-------- EXCERPTED DATA

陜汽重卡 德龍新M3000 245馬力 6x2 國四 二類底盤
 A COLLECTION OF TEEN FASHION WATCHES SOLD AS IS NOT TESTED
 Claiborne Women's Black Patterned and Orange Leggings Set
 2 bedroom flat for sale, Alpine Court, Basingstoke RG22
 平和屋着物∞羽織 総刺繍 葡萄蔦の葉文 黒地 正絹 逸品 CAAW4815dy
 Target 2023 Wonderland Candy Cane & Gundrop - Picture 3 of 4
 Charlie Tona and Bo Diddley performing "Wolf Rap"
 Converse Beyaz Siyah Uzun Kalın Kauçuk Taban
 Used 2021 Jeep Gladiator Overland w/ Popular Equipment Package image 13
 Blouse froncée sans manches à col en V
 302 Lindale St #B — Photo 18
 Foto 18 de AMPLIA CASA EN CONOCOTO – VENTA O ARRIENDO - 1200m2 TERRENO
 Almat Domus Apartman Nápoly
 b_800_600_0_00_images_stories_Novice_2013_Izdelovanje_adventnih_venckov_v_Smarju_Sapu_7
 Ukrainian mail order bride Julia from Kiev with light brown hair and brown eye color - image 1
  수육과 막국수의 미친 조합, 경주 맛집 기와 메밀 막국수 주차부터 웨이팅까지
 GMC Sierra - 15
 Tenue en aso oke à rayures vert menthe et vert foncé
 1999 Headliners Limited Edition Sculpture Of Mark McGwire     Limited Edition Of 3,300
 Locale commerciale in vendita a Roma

----------------

→ EXERCISE DETAILS
Copy the full listing verbatim.

→ WRITTEN ANSWER
陜汽重卡 德龍新M3000 245馬力 6x2 國四 二類底盤
 A COLLECTION OF TEEN FASHION WATCHES SOLD AS IS NOT TESTED
 Claiborne Women's Black Patterned and Orange Leggings Set
 2 bedroom flat for sale, Alpine Court, Basingstoke RG22
 平和屋着物∞羽織 総刺繍 葡萄蔦の葉文 黒地 正絹 逸品 CAAW4815dy
 Target 2023 Wonderland Candy Cane & Gundrop - Picture 3 of 4
 Charlie Tona and Bo Diddley performing "Wolf Rap"
 Converse Beyaz Siyah Uzun Kalın Kauçuk Taban
 Used 2021 Jeep Gladiator Overland w/ Popular Equipment Package image 13
 Blouse froncée sans manches à col en V
 302 Lindale St #B — Photo 18
 Foto 18 de AMPLIA CASA EN CONOCOTO – VENTA O ARRIENDO - 1200m2 TERRENO
 Almat Domus Apartman Nápoly
 b_800_600_0_00_images_stories_Novice_2013_Izdelovanje_adventnih_venckov_v_Smarju_Sapu_7
 Ukrainian mail order bride Julia from Kiev with light brown hair and brown eye color - image 1
  수육과 막국수의 미친 조합, 경주 맛집 기와 메밀 막국수 주차부터 웨이팅까지
 GMC Sierra - 15
 Tenue en aso oke à rayures vert menthe et vert foncé
 1999 Headliners Limited Edition Sculpture Of Mark McGwire     Limited Edition Of 3,300
 Locale commerciale in vendita a Roma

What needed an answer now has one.